A partir de quando a senhora acredita que será possível sentir os efeitos da repercussão geral?

Helen Gracie - O sistema informatizado está funcionando perfeitamente há um mês. Certamente que só vamos sentir os resultados daqui a um ano. Creio que vai haver uma mudança completa de mentalidade. Os advogados já saberão que muitas questões estarão definidas e muitas decisões se tornarão súmulas vinculantes. Isso vai facilitar a redução do número de processos que entram no Supremo e certamente vai diminuir o número de causas que cada ministro tem de julgar. Hoje eu distribuo 500 processos por dia. Até o fim do ano serão 20 mil novas ações.

A expectativa da senhora é de que o percentual de processos que chegam ao Supremo caia para quanto?

Eu tenho idéia de que na área federal, pelo menos, quando o sistema estiver em plena atividade, nós teremos um decréscimo de, no mínimo, 60% do movimento de processos. Creio que em um ano vamos sentir a diferença, mas não será o resultado definitivo. Esse índice irá aumentando ao longo do tempo.

A esperança dos ministros para a redução do número de ações que chegam à Corte é a repercussão?

Sim. A seleção dos processos analisando a existência de repercussão na sociedade deverá desinflar uma demanda que é meramente numérica do Poder Judiciário. São causas repetitivas. Tributos e previdência social, por exemplo, são assuntos que crescem em número, mas a causa jurídica é sempre a mesma. O sistema que começamos a utilizar objetiva detectar quais entre os inúmeros processos tem um interesse que vai além do interesse dos litigantes. Ou seja, uma repercussão que diga com a generalidade do cidadão, mais do que um conflito entre partes.

O dispositivo foi aprovado no fim do ano passado. Por que ainda não é possível sentir seus efeitos?

Porque depois que a lei foi aprovada houve um período de vacacio legis (vacância da lei) dentro do qual ela não poderia ser aplicada. Somente depois desse momento passou-se a exigir que os advogados apontem as razões que justificam a existência da repercussão geral. Ele tem que dizer, antes de qualquer coisa, que o caso é de interesse de todos. Se ele não fizer isso, o processo automaticamente é devolvido e vale a decisão do tribunal inferior. Se ele diz que há repercussão geral, cabe aos ministros julgarmos se há ou não. Essa é a praxe de praticamente todos os tribunais superiores do mundo. O que acontece no Brasil é que temos um passivo enorme de ações, cerca de 142 mil, que entraram aqui no Supremo antes da repercussão geral. Como muitos casos sobre o assunto entraram aqui no tribunal durante o período em que não era obrigatório haver a repercussão geral, nós teremos que julgar esses casos.

Então assuntos sem relevante interesse coletivo não entram mais no Supremo?
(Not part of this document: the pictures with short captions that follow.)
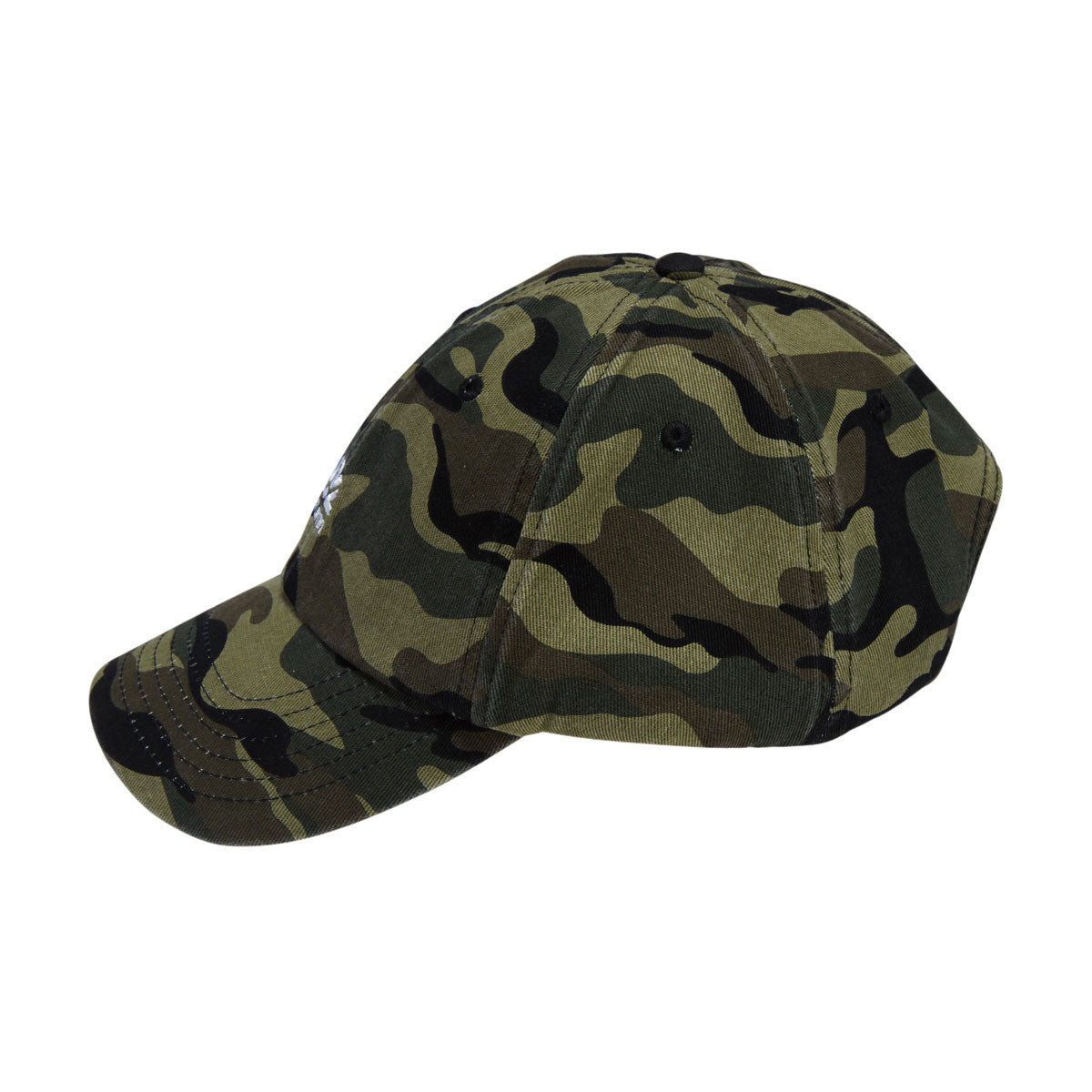Autumn Six Panel Strapback Hat - Camo 2026 image 3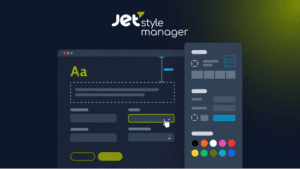 Jet Style Manager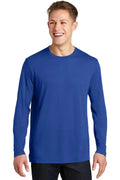 T-shirts Sport-Tek Long Sleeve PosiCharge Competitor Cotton Touch Tee. ST450LS Sport-Tek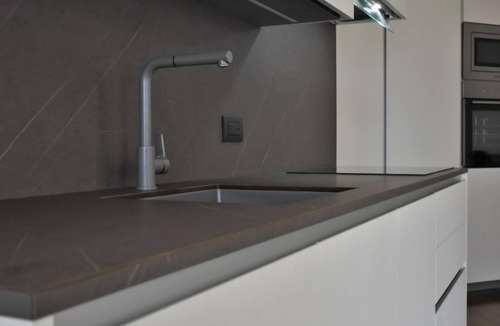 Ardenno Apartment | Valley View Pool Apartment by Interhome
A tendência é que eles não mais tramitem. Com o novo sistema, o processo é distribuído, o relator opina se há repercussão geral e os demais ministros tem 20 dias para votar. Se a maioria não entender a existência de interesse coletivo, o processo é automaticamente devolvido. Se entendemos que há repercussão, o processo segue na Corte. Outra coisa boa é que o sistema agrupa todos os processos semelhantes. Assim, se o tribunal não entender a existência da repercussão geral, todos os processos que tratem do mesmo tema também são paralisados. Uma mesma decisão poderá ser aplicada a vários processos. Além disso, o tribunal vai manter um banco de dados sobre as decisões. Assim, qualquer tribunal ou advogado poderá colocar já no seu argumento que se trata de um caso já analisado pela Corte e que houve o entendimento da existência da repercussão geral. Caso contrário, vai saber que não adianta apresentar o processo no STF porque ele não seguirá.

Houve um período especifico de aumento do número de processos que chegaram ao Supremo?

Até 1988 existia um dispositivo semelhante, denominado argüição de relevância. A argüição terminou com a Constituição de 88 e a partir daí a distribuição cresceu como uma rota de foguete. Esse tipo de dispositivo é fundamental. No mundo inteiro os ministros possuem o que se chama de poder discricionário para escolher quais questões merecem sua atenção.